5. You do not give the chances of people
Do not give the chances of people go hand in hand with judgment. Or at least it can. And do not give people's chances is not big. Standards, in general, are good as a "filter", but it may not be reasonable to wait for someone ideal to find and meet all. Be on the lookout for people who answer most of them and give them a chance. After all, what they might miss in one aspect of your standards, they could more than compensate in another. If you could not know how to give them any chance and getting to know them better, what kind of a person they are. You could cut them because they do not do it like the same music you do, but they could also be the most kind person you have ever met. And, in this case, you are missing out.

6. You give too much opportunity
The opposite is also true. It is normal to have standards and limits. If someone is just not a good person that you do not have to continue to give them chances to prove that they are good for you (no matter how cute they are). Remember - your happiness comes first, and if someone continues to make you unhappy, it is not reasonable to continue to give them chances. Simply because they meet your standards in a "check all boxes" kind of path does not mean they are the person you should be with.


7. Your ideal partner is a half-god
Without kidding, I have a friend whose type is "Chris Hemsworth or Tom Hiddleston Doppelgänger". For what it's worth it, these are two very different types of people, but I can only see that both have played gods in Marvel Avengers. And, on the one hand, it is good ... you go girl! On the other hand, if you are literally looking for God as characters so far, perhaps your standards are really too high. Certainly something to examine!

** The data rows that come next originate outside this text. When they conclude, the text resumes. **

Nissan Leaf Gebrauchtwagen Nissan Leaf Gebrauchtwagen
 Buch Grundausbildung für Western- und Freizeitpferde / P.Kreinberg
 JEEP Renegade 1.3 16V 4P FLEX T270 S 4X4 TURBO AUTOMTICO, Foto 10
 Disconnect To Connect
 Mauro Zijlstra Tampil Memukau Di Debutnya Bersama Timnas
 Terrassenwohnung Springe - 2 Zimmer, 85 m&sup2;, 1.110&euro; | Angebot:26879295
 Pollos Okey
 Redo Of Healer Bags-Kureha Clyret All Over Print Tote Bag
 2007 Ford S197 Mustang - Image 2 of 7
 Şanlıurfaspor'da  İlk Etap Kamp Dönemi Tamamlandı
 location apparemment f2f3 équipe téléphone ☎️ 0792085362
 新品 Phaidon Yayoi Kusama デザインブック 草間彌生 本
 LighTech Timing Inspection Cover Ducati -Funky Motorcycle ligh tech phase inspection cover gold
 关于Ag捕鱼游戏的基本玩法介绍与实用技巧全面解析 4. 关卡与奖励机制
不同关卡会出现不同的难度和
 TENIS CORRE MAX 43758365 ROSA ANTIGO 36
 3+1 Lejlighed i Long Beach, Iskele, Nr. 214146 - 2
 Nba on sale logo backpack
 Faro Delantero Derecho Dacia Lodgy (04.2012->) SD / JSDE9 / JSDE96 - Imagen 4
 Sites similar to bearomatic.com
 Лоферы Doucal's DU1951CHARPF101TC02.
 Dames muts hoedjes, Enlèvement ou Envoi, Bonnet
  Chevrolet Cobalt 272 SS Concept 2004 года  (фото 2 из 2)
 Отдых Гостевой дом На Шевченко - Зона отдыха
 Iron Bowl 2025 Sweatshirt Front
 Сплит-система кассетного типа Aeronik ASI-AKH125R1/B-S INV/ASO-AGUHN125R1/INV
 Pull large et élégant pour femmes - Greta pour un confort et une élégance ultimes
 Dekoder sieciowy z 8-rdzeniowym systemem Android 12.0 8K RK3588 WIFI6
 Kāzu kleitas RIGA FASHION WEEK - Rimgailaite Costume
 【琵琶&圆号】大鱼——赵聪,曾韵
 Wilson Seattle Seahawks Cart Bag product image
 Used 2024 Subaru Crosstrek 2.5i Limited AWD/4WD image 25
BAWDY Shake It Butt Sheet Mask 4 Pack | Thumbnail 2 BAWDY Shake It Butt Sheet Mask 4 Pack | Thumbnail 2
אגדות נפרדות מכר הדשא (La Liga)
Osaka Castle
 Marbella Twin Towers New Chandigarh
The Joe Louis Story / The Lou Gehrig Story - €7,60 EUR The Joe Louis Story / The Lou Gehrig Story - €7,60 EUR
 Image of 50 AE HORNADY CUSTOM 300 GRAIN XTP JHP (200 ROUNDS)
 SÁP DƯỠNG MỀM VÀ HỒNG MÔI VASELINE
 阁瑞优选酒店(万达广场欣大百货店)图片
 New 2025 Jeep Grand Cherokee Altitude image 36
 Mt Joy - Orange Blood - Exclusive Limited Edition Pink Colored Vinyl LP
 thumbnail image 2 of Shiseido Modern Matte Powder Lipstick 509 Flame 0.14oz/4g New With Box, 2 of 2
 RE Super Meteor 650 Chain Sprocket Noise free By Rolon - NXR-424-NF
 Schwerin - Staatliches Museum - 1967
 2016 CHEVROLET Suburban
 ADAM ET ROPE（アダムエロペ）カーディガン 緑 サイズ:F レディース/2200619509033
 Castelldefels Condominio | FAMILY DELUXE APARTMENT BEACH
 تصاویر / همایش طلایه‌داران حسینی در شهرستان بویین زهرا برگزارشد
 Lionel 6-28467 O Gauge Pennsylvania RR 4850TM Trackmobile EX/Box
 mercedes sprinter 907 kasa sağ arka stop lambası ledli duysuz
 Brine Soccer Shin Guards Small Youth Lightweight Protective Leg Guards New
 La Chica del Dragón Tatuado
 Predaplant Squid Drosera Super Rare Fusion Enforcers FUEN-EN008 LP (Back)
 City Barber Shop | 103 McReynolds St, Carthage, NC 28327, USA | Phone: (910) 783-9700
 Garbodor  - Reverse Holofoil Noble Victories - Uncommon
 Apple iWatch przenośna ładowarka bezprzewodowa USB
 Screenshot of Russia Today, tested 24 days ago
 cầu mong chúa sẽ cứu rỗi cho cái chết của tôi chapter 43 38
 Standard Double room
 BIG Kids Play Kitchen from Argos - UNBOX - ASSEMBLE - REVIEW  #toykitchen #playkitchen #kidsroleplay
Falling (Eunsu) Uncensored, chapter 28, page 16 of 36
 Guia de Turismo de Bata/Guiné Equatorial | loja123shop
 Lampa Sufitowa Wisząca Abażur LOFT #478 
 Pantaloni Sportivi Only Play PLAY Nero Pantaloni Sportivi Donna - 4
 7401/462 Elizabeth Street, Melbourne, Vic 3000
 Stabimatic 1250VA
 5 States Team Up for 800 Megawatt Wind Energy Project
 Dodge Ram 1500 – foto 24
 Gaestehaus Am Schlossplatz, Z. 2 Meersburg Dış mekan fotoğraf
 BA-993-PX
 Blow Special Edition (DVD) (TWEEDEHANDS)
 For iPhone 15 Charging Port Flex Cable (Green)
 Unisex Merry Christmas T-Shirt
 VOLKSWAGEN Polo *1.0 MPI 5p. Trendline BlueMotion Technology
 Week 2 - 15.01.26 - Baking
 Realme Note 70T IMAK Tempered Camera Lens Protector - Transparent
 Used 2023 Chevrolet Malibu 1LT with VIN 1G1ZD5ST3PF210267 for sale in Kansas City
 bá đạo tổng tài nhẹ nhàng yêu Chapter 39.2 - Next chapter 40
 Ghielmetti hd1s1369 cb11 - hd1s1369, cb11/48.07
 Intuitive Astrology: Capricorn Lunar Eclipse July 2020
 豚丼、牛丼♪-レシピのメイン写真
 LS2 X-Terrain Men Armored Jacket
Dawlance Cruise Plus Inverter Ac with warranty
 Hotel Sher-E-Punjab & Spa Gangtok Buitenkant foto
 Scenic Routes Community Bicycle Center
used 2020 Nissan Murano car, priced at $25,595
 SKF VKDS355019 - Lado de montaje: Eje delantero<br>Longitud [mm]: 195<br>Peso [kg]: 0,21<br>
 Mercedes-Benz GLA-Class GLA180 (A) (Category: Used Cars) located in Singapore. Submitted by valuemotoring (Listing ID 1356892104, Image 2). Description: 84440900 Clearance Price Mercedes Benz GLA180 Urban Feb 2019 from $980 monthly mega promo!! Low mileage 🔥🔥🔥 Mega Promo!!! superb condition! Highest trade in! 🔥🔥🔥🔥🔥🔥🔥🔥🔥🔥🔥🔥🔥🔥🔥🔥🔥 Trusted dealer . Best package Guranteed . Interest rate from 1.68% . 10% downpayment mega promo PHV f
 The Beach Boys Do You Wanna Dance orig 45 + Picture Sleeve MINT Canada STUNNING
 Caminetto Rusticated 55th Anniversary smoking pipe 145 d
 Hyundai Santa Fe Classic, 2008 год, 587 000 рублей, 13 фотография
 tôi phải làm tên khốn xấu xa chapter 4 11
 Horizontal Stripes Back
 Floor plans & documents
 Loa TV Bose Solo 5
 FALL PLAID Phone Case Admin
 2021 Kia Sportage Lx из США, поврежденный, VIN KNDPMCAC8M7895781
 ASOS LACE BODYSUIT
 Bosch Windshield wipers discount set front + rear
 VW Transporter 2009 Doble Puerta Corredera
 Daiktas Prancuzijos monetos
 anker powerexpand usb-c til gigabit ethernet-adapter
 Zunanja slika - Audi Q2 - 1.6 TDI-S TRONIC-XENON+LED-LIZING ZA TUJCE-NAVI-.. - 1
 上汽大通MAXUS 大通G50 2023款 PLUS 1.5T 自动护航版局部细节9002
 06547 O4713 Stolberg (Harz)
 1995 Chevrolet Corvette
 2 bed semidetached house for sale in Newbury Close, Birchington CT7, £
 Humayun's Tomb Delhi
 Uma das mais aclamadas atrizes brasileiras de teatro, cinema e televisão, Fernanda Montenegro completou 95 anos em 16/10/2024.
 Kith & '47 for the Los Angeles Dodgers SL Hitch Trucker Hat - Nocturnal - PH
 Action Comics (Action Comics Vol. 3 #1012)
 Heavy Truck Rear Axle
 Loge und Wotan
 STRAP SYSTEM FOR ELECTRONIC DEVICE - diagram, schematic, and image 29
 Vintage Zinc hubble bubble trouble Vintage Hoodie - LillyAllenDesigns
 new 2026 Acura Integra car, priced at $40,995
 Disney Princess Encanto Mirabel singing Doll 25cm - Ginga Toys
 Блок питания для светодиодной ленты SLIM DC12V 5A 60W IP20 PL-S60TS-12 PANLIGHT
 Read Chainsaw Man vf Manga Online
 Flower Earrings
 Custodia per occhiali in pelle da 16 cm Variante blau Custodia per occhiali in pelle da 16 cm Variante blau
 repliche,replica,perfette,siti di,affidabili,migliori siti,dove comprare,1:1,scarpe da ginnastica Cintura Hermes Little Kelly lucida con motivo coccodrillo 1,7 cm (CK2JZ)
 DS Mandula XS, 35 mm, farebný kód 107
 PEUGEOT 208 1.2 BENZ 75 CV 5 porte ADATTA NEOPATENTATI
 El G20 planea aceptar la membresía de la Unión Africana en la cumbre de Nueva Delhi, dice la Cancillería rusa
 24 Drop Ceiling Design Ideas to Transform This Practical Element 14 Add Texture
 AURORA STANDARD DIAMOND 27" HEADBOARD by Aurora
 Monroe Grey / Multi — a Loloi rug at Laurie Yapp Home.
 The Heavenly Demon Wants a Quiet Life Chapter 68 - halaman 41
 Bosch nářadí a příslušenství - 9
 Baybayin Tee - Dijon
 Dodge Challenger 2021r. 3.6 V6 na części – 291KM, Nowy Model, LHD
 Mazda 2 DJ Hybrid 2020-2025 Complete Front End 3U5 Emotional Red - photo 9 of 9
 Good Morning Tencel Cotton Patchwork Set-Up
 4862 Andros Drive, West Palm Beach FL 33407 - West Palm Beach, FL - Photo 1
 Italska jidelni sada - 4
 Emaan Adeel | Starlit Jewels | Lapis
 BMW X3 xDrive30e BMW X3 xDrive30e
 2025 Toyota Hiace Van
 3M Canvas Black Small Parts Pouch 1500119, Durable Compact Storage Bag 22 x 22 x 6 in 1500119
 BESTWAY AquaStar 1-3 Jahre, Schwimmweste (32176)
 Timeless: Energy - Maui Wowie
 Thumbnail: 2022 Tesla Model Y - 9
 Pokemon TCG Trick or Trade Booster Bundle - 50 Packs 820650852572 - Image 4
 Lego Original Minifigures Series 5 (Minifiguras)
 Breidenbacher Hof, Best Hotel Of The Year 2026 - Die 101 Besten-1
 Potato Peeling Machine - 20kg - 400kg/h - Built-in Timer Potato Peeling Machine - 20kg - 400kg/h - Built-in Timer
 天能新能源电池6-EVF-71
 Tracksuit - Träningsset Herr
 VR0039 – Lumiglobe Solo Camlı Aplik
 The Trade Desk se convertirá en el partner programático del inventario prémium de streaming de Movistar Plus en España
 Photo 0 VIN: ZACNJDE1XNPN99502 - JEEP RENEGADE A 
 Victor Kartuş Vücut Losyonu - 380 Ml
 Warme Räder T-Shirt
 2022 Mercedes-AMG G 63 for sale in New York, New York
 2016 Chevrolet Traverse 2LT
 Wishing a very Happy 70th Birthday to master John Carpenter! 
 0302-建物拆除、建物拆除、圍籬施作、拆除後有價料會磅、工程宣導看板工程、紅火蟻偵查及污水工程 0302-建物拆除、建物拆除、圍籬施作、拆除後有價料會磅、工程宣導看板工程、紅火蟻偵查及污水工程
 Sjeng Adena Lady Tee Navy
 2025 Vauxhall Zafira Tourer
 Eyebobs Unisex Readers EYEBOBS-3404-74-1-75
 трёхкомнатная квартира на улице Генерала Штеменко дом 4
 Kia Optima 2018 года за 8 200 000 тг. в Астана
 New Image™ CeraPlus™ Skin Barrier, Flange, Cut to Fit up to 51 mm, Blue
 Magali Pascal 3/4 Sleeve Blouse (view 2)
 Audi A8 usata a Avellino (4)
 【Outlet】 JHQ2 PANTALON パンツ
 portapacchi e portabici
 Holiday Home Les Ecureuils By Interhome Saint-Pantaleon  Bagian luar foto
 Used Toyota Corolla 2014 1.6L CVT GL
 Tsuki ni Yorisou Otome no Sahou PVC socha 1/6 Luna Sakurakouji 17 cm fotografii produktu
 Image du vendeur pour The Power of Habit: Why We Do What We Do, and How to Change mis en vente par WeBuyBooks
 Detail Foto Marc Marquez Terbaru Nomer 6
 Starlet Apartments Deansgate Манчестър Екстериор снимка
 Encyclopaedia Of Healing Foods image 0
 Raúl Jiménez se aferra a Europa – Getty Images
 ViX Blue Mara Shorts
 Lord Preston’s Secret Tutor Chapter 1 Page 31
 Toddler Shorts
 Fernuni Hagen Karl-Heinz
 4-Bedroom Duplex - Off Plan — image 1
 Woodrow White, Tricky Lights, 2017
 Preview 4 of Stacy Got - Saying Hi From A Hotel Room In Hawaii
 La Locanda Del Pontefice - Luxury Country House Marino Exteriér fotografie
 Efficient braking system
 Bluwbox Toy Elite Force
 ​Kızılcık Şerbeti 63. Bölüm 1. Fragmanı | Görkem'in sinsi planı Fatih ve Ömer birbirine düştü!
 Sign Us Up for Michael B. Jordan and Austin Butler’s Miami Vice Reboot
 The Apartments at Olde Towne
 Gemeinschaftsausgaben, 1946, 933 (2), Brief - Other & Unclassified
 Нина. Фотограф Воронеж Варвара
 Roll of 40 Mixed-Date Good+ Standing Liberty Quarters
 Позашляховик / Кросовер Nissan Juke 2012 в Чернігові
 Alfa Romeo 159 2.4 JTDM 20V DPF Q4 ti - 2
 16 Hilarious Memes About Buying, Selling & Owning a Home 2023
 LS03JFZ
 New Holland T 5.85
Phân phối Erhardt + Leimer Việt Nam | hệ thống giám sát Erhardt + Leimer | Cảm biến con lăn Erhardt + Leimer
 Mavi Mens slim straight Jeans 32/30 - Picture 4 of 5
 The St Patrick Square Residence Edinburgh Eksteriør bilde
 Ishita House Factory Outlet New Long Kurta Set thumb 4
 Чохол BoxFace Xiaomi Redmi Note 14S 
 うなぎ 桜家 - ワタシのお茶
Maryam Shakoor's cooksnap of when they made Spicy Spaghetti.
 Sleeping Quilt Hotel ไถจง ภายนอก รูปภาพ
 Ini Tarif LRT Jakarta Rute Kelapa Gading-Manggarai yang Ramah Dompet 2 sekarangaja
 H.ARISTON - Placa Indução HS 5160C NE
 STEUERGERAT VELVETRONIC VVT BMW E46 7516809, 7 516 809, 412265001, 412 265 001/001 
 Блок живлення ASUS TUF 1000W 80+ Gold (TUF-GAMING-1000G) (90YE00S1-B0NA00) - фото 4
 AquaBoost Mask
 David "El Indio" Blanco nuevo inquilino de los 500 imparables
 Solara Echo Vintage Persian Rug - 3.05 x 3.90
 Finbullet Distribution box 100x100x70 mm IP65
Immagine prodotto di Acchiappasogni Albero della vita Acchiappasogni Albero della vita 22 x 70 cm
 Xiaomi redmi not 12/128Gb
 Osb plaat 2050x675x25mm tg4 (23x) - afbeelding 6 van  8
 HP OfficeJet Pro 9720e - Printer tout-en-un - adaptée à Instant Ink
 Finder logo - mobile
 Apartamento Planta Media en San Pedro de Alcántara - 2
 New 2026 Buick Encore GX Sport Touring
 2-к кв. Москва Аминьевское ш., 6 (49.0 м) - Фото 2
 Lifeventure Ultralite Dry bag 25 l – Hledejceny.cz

8. You refuse to act first
Sometimes you have to be proactive to find the right person for you. Your standards are already very high and if it suits you, the perfect people for you are simply too intimidated to approach and show any interest. Perhaps you should sometimes consider doing the first step and interest you.


9. You never look only in a place
You may not only be looking for people in the same place. It could be your campus, your place of work, your neighborhood or online communities with people who appreciate the same things you love. However, if "proximity" is one of the standards of your book, you really reduce the number of people you could become friends. Expand your horizons! There are so many fish in the sea (so to speak).

10. You know what you want
In the end, know what you want is a good thing. It is always better to have high standards rather than any normal. There is no way to be happy if you just settle for the first thing that comes from your way, no matter what it is. You must have standards and you must have healthy borders. So even if you find that high standards become a problem for you - do not be fighting about it.


11. You know your own value
Do not be fighting on your high standards. You just know what you bring to the table, you know you are a good person, and you know you deserve to be happy. If you are a good person, you deserve to be with someone who sees you as such and it's also, in their own way, a great person.

12. You should not be satisfied with less
At the end of the day, it is important that you do not just. If you settle, you will be unfortunate to know that the person with whom you find yourself do not worry about the person you imagined. It's one thing to understand that no one is perfect (it's healthy). It's a completely different thing when you are content with someone who does not even answer the basic criteria to be interesting, kind and excited to be with you.